Eskimo artık kullanılmayan bir kelimedir. Onun yerine kutuplarda yaşayan insanların kendilerine verdikleri isim kullanılıyor: İnuit.
Eğer Nunavut bağımsız bir devlet olsaydı dünyanın en büyük intihar oranına sahip ülkesi olacaktı.
Nüfusunun çoğunluğu İnuit olan Grönland’da intihar oranı 100,000’de 85’tir.
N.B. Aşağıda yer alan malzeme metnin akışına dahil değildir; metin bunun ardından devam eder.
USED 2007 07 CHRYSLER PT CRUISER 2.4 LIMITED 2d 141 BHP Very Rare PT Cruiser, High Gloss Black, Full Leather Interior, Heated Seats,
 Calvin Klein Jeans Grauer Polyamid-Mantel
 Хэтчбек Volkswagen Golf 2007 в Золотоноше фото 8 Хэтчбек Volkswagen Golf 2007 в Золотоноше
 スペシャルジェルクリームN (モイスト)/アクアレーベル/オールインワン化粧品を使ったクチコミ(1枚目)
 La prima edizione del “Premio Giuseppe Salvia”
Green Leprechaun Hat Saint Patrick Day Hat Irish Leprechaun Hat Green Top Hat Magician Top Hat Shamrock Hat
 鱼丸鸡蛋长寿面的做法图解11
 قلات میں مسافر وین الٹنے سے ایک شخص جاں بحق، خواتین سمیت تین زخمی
Onun ardından gelen Litvanya’da 100,000’de 32’dir.
Nunavut’taki oran ise 100,000’de 100’dür.
Bu, Kanada’daki intihar oranından on misli yüksektir.
Nunavut’un başkenti Iqaluit’i ziyaret ederseniz rastlayacağınız hemen hemen herkesin kendi canını almış bir akraba veya tanıdığı olduğunu öğrenirsiniz.
Nunavut’ta yaşayan İnuitlerin yaklaşık üçte biri, en az bir defa intihara teşebbüs etti.
Bu intihar dalgası göçebe, avcı bir toplum olan İnuitlerin Yirminci Yüzyıl’ın ortalarında zorla kasabalara taşınması ile başladı. O zamana kadar intihar çok ender bir olaydı ve gençler arasında neredeyse hiç görülmüyordu.
İnuitlerin kasabalara taşınmadan önce yaşadıkları yerlerde, uzun kışların karanlığında sıcaklık bazen -50 derecenin altına düşer ve rüzgâr insanın yüzünden kan akıtacak kadar güçlüdür.
Toprak böğürtlen, yosun ve yabani çiçekten başka bir şey vermediği için İnuitler balık, fok, kuş, kutup ayısı, denizayısı ve balina avlayarak hayatlarını sürdürürlerdi.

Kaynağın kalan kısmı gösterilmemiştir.